#### [TRY IT]
Pull out the lines from the one containing "543 Timothy Street, Unit 302 - Photo 11" through the final line of the listing below and repeat them exactly. Leave the pictures behind.
= = = = =
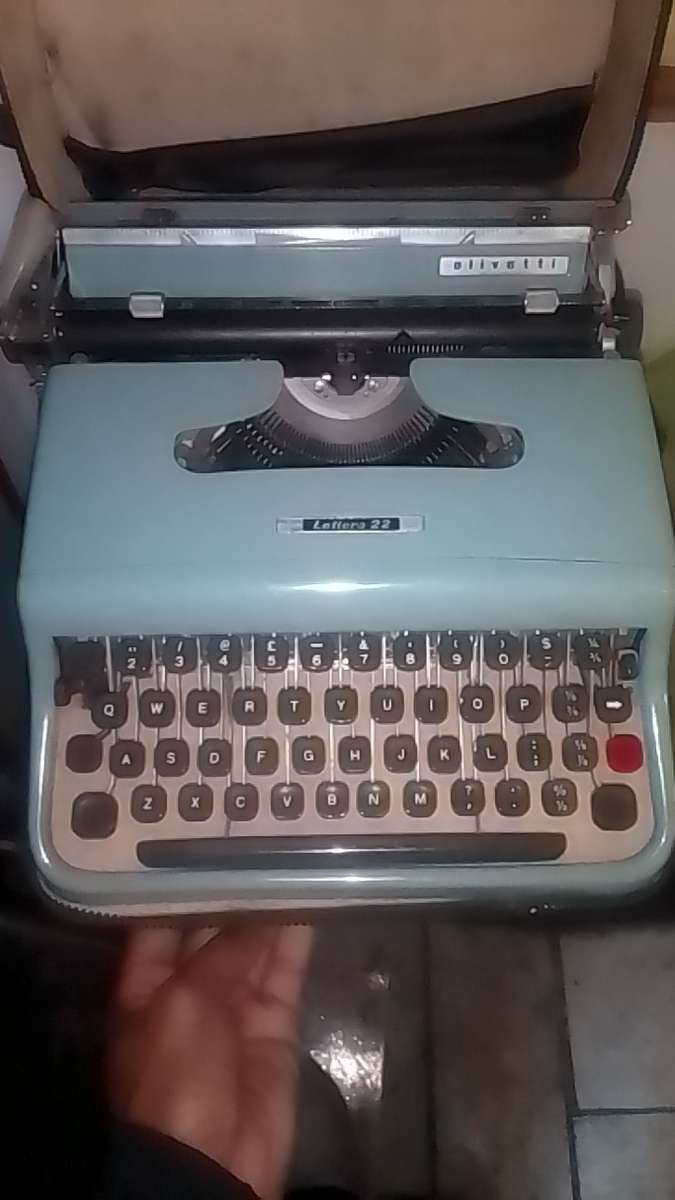 Olivetti Latttera 22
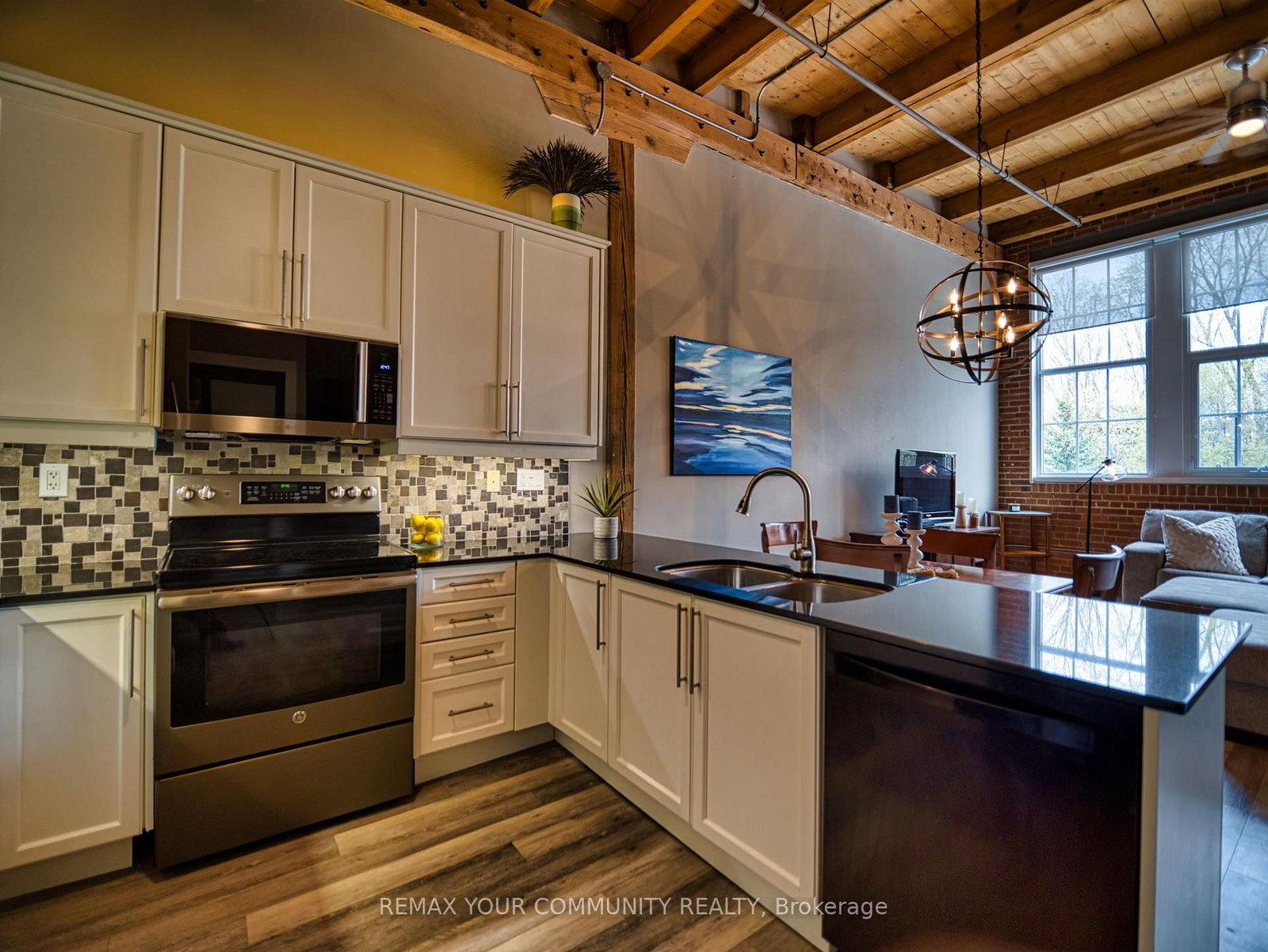 543 Timothy Street, Unit 302 - Photo 11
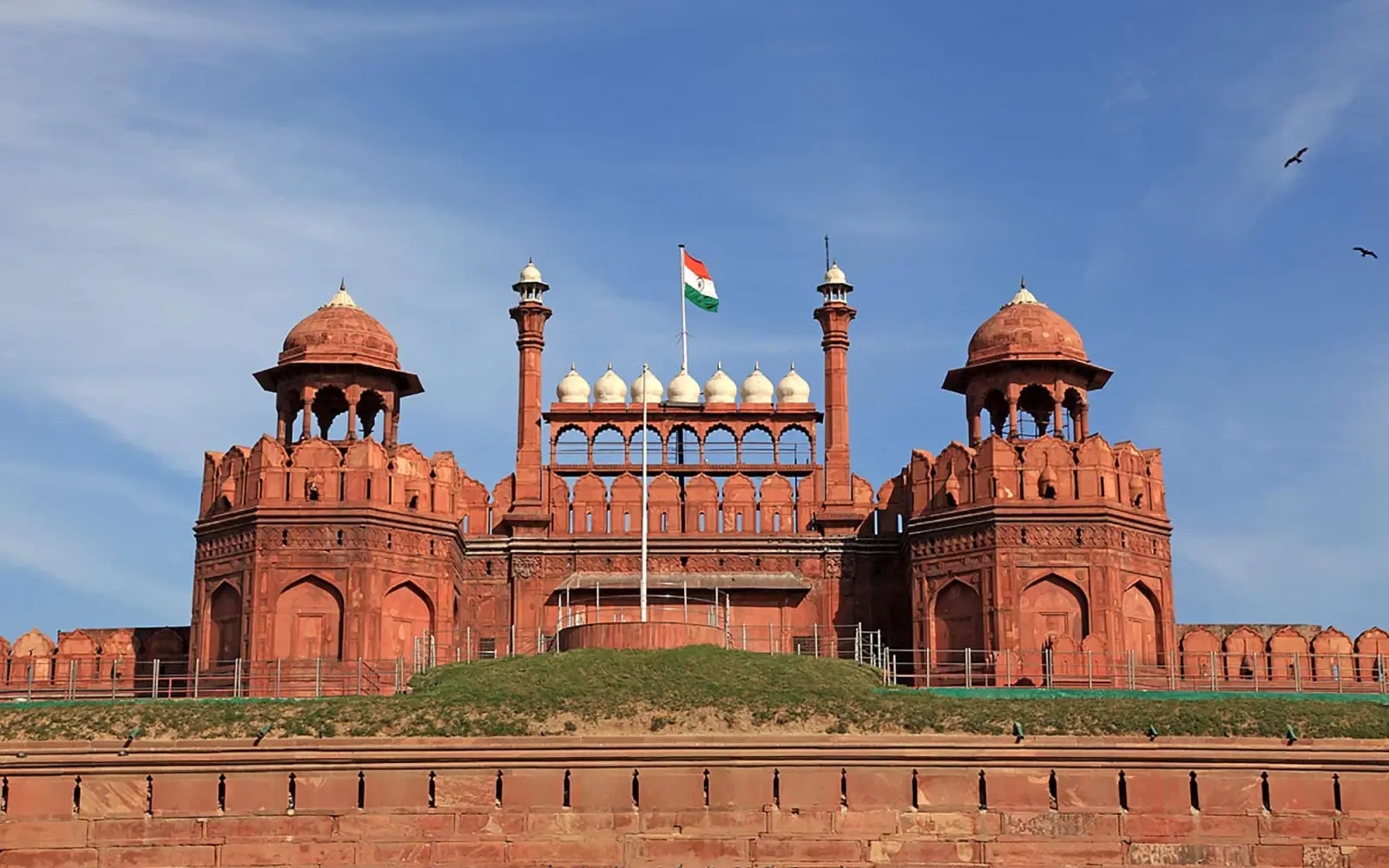 „Indien feiert 78. Unabhängigkeitstag: Vision Viksit Bharat 2047 im Fokus“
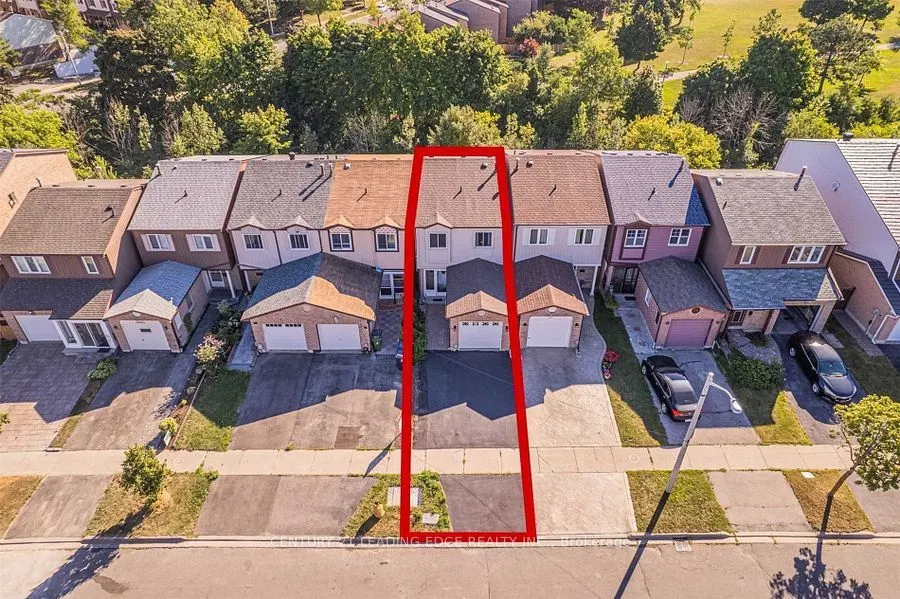 18 Tambrook Drive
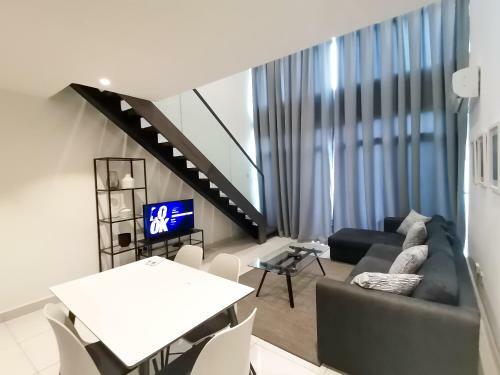 Embassy Gardens By Woodbury Luxury Apartments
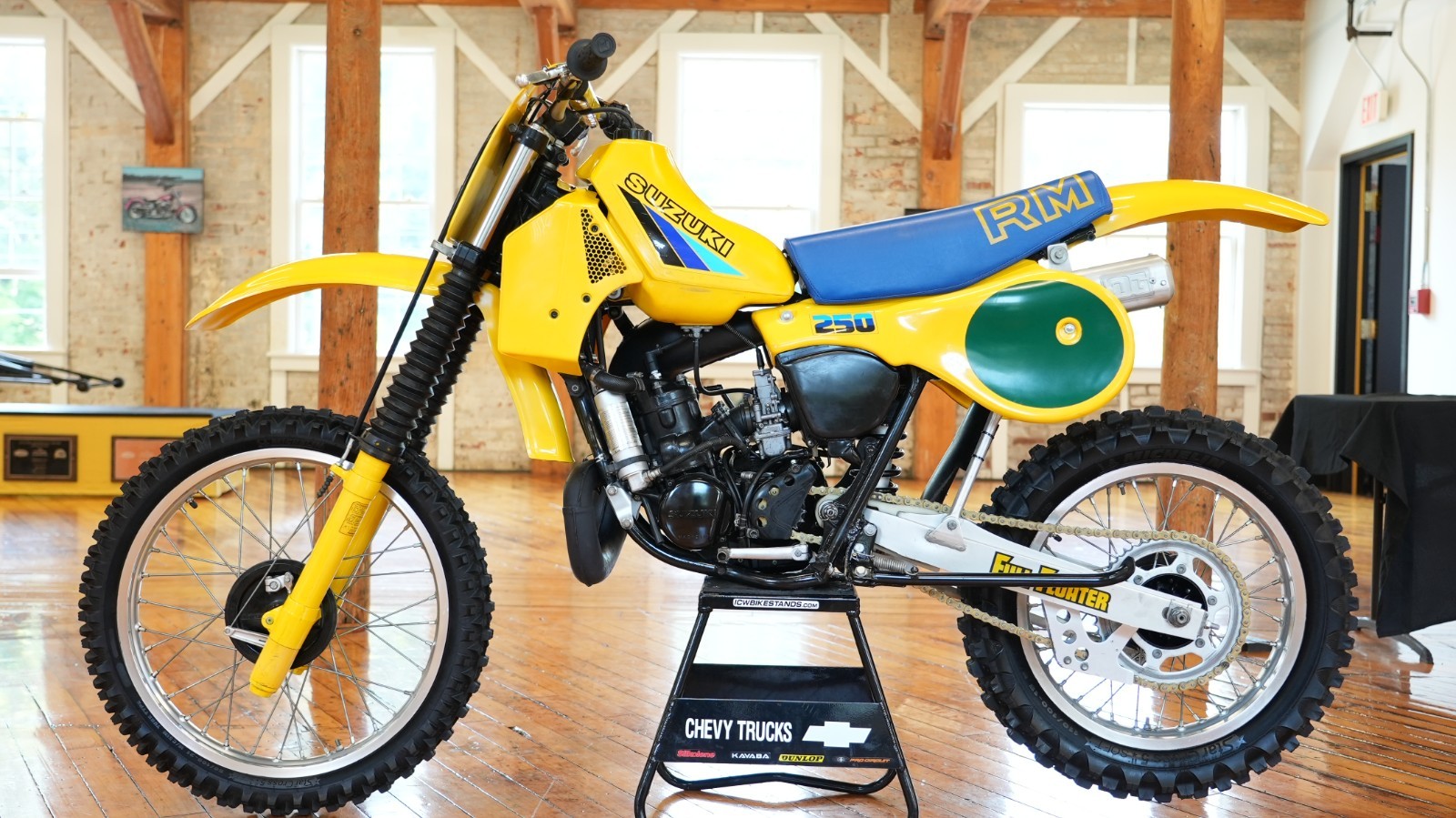 Suzuki-RM250-1983-6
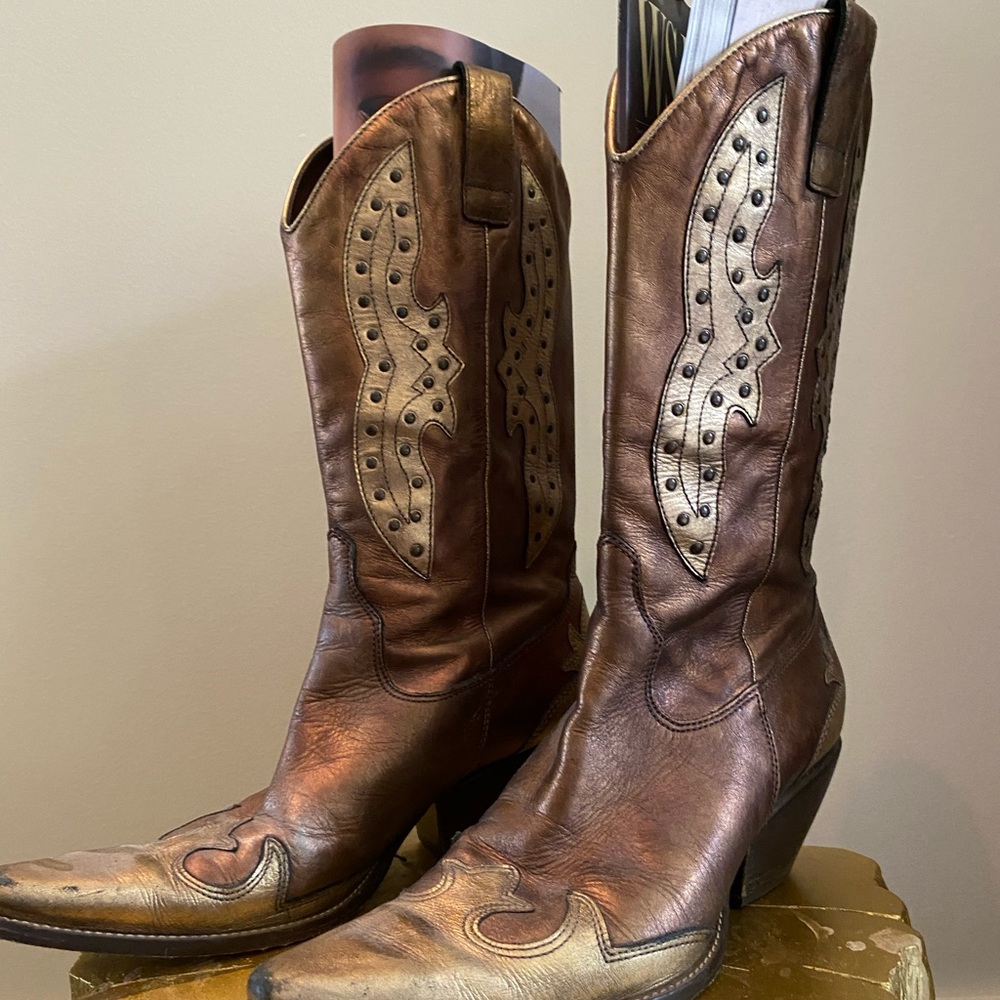 Bcbg cowgirl boot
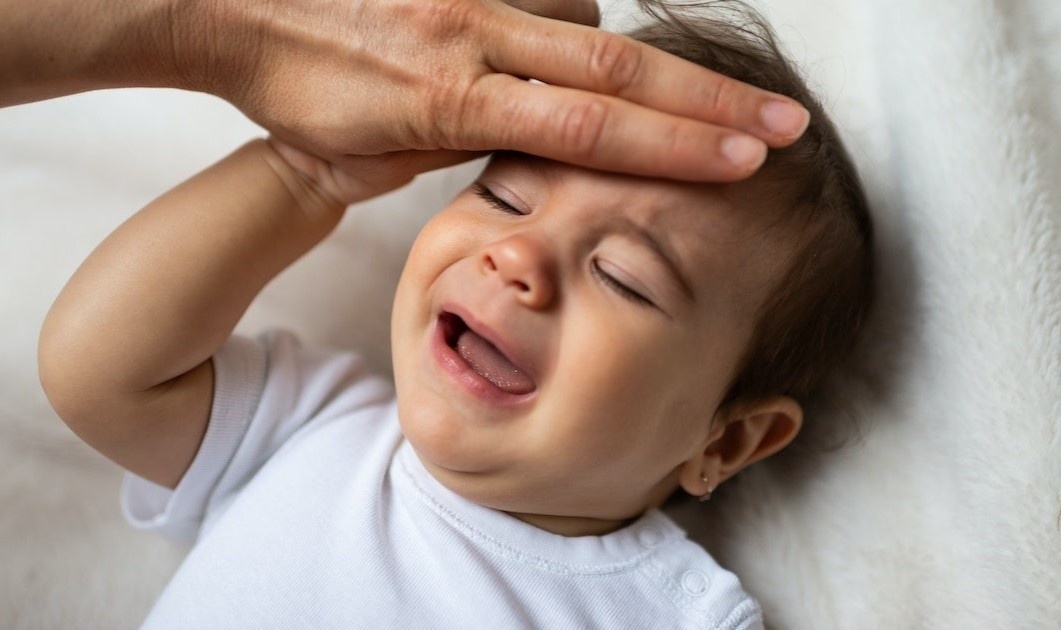 Dau hieu tre bi nhiem trung duong ho hap hinh anh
= = = = =
#### [SOLUTION TO THIS PROBLEM]
 543 Timothy Street, Unit 302 - Photo 11
 „Indien feiert 78. Unabhängigkeitstag: Vision Viksit Bharat 2047 im Fokus“
 18 Tambrook Drive
 Embassy Gardens By Woodbury Luxury Apartments
 Suzuki-RM250-1983-6
 Bcbg cowgirl boot
 Dau hieu tre bi nhiem trung duong ho hap hinh anh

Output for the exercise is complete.